North Yorkshire's world class squash player 18-year-old Jenny Duncalf is turning professional next year.

The starlet made her announcement after reaching the final of the British Under-19 Open Championship at Sheffield - widely regarded as the Wimbledon of junior squash - where she made hot favourite Omneya El Kawy go into overdrive for victory. Duncalf's Egyptian rival is already competing worldwide and is 28th in the senior women's rankings.

Duncalf, studying for her A-levels at Harrogate Grammar School, is already finding it difficult to fit in enough junior tournaments, let alone compete at senior level.

Duncalf, who went down 9-4, 9-2, 6-9, 9-4 in 48 minutes to her quicksilver rival tended to open up the court too much in the initial stages, allowing her hungry opponent too much room. This partly led to her picking up only six points in her opening encounters.

But Duncalf, who plays at Harrogate Squash Club, proved that her rival was not invincible, taking the third game to six and then building a 3-0 lead in the fourth with a gritty fightback.

Afterwards her stepfather and coach David Pearson, who is the Squash Rackets Association top coach, commented: "I think she did as well as could be expected. But she reached the final without dropping a game and that is the first time she has done that at this level. I don't think she was nervous in the opening stages, but was tending to play junior squash.

"As the match went on she was learning and later was hitting the ball much straighter and not opening up the court for her rival," said Pearson.
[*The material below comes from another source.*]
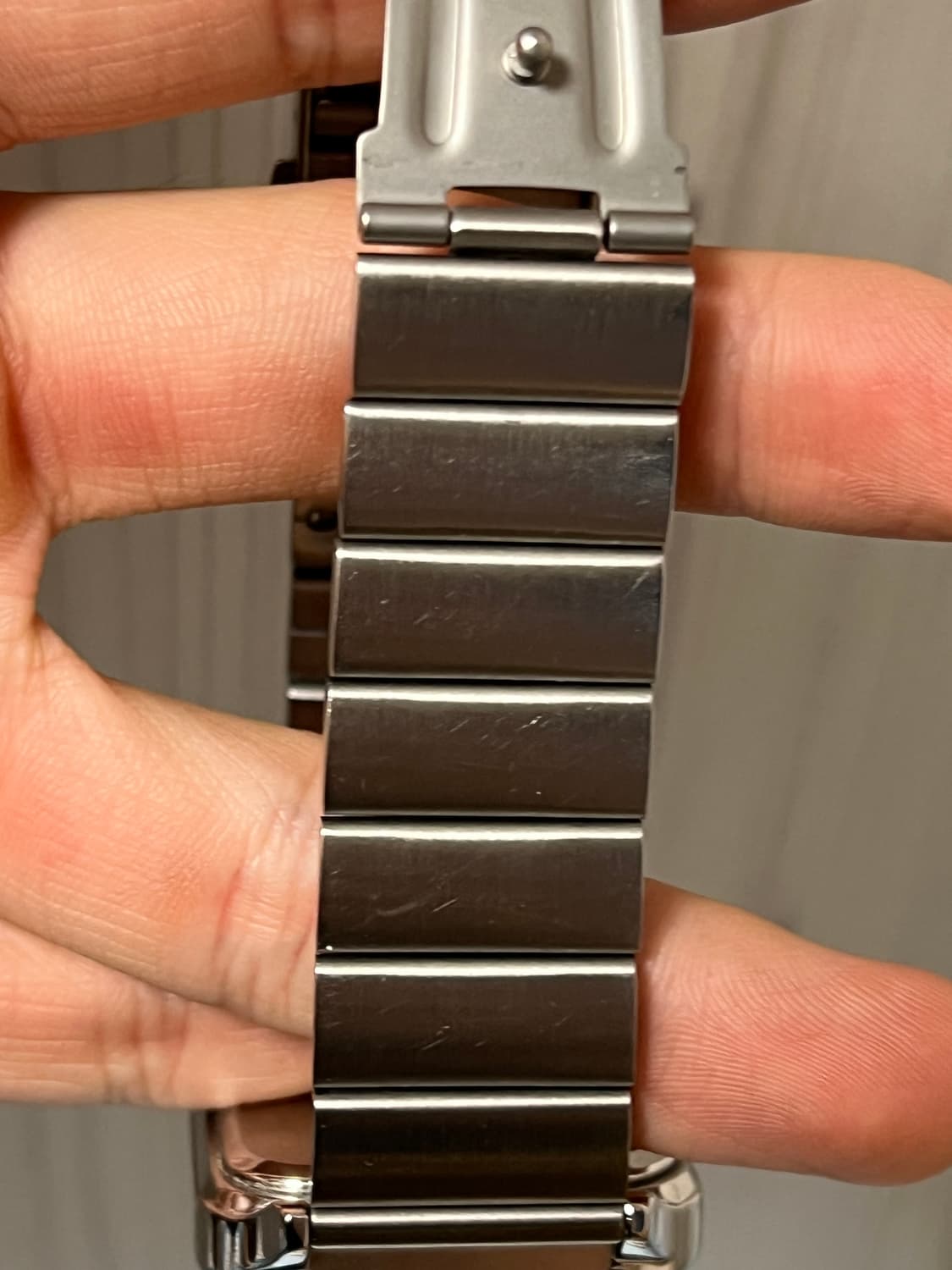 카시오 mtp-m305d-1avdf 카플워치 상품이미지5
Later Duncalf said that newly-appointed England junior team boss David Campion from Halifax, who works alongside Pearson for the SRA, was also involved in her coaching now.

Campion said of Duncalf's match: "It was a tremendous achievement for Jenny to reach the final without dropping a game in a world class event. She really got there in style. But in the final she played someone who is 28 in the world and who reached the last 16 of the senior British Open."

Duncalf, who has struck gold in the Commonwealth Youth Games and has rattled off six British Closed championship successes, said she would be turning professional once her A-levels had been completed next year.

She admitted it was sometimes difficult fitting in what has been a steady and sustained climb up the squash ladder with her preparation for examinations. "But I think my squash affects my A-levels rather than my A-levels affecting my squash.

"When I turn professional next year I want to see how things go and if they don't go well I can always apply for a place at university," she said.